▶ [YOUR TASK] Using the records that follow, reproduce exactly the lines starting at the line containing "اقامه نماز ظهر" and ending at the line containing "Bride and Groom Cupcake". Include both end lines and no pictures.

▶ [RECORDS SUPPLIED]

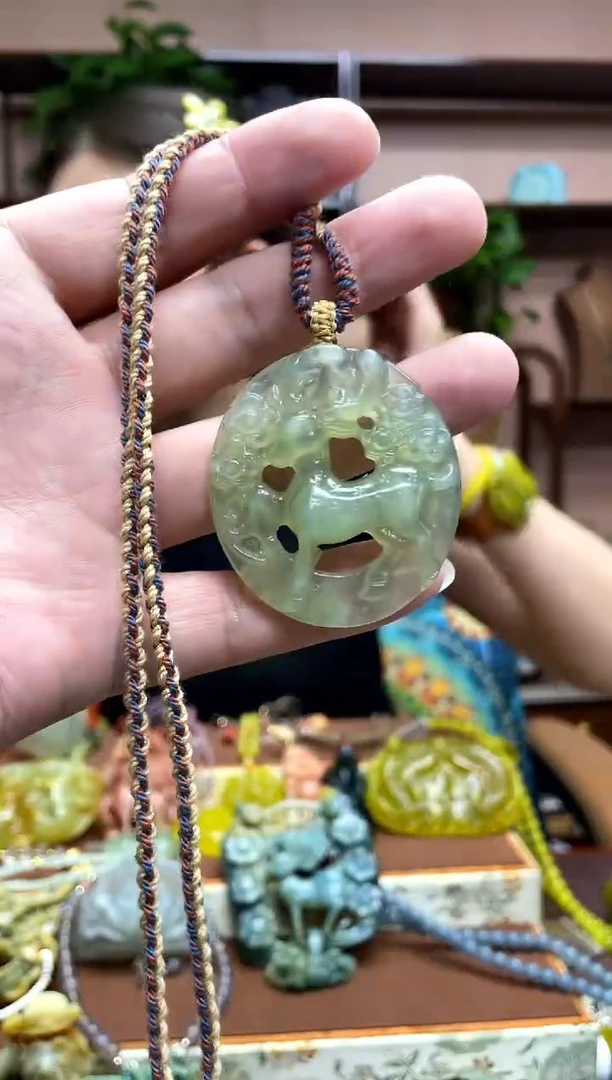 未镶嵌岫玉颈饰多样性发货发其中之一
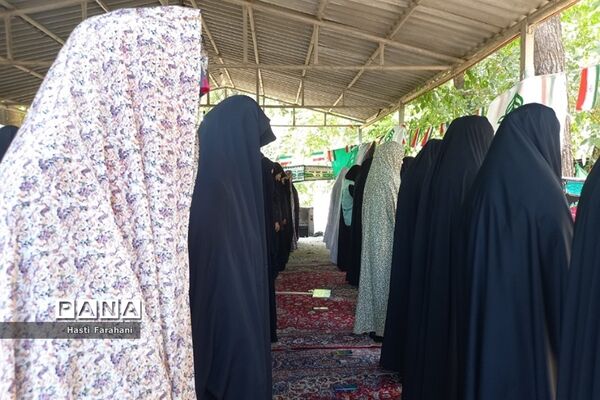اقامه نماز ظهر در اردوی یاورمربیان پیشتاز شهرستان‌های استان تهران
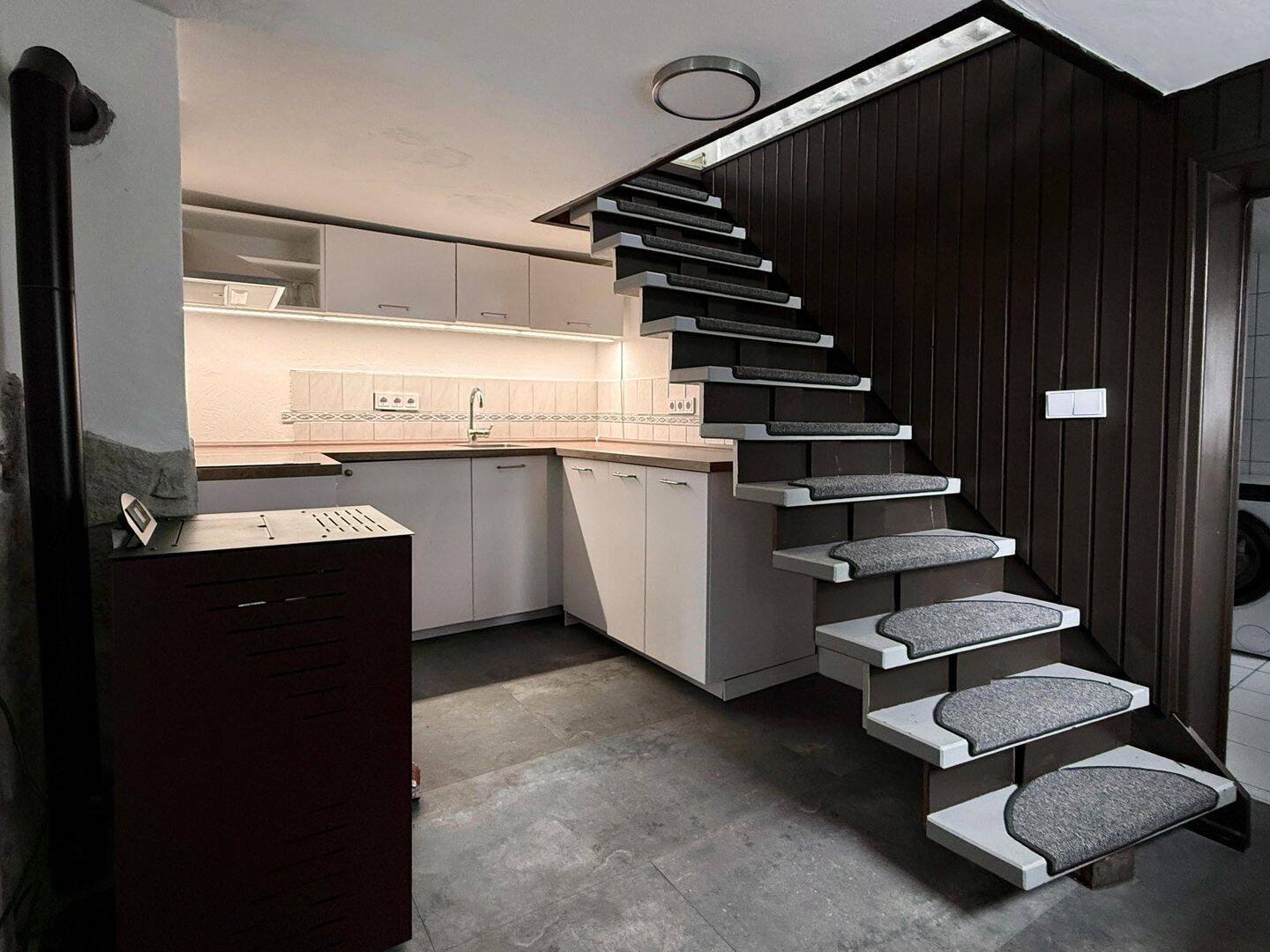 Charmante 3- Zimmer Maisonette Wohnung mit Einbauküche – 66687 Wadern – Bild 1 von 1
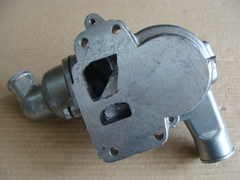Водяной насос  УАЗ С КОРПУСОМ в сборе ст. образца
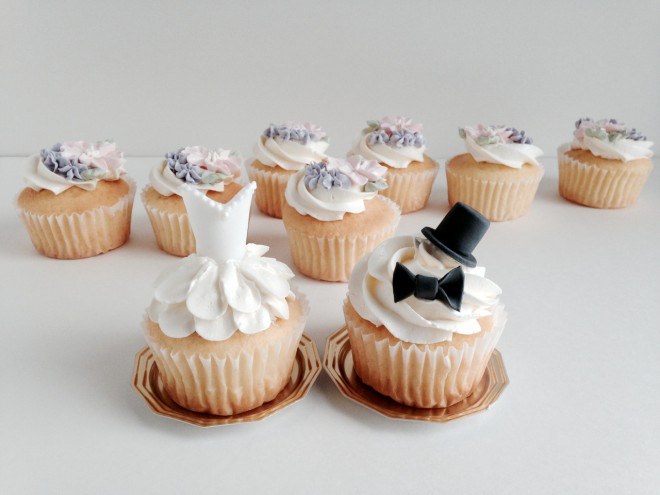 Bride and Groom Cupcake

* * *

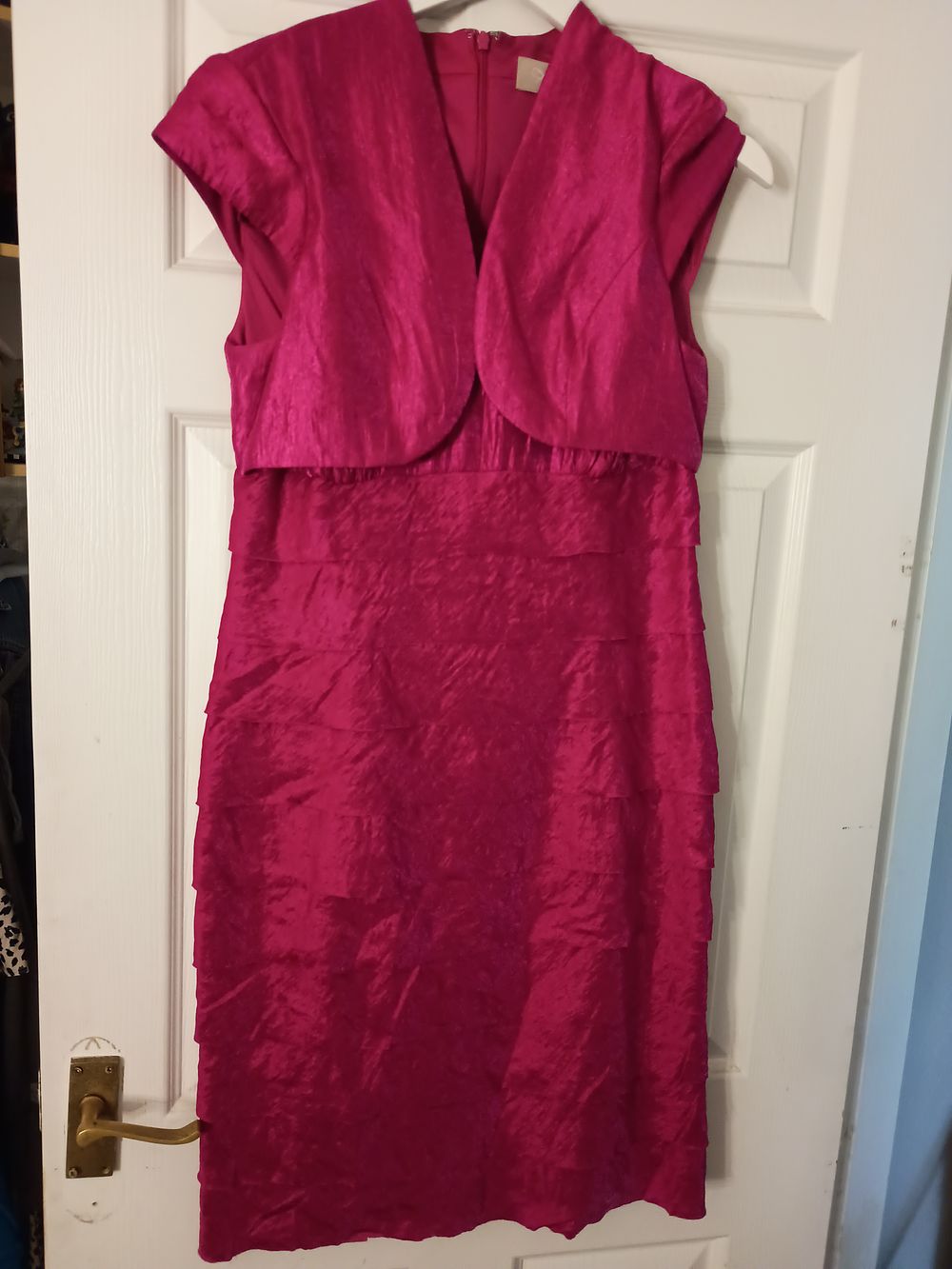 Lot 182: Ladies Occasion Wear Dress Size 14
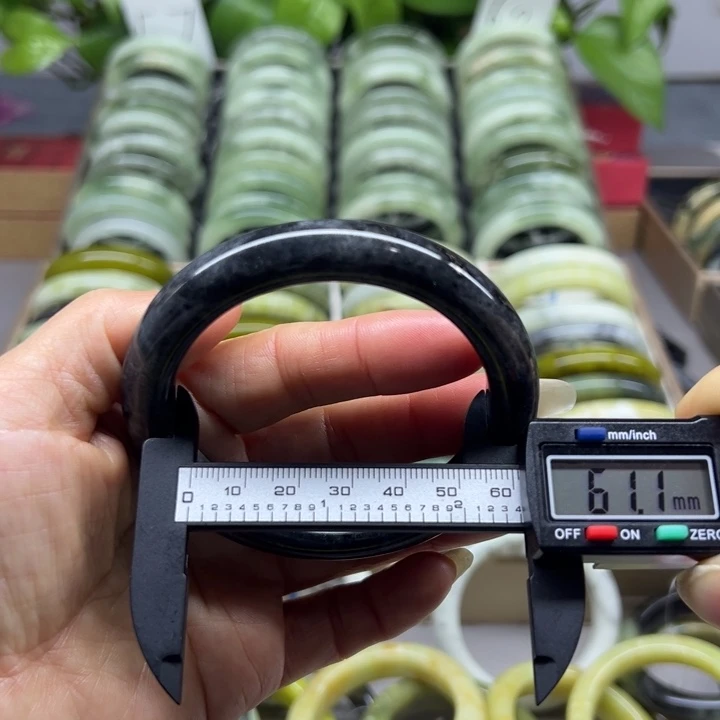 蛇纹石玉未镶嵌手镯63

▶ [PROBLEM SOLUTION]
اقامه نماز ظهر در اردوی یاورمربیان پیشتاز شهرستان‌های استان تهران
 Charmante 3- Zimmer Maisonette Wohnung mit Einbauküche – 66687 Wadern – Bild 1 von 1
Водяной насос  УАЗ С КОРПУСОМ в сборе ст. образца
 Bride and Groom Cupcake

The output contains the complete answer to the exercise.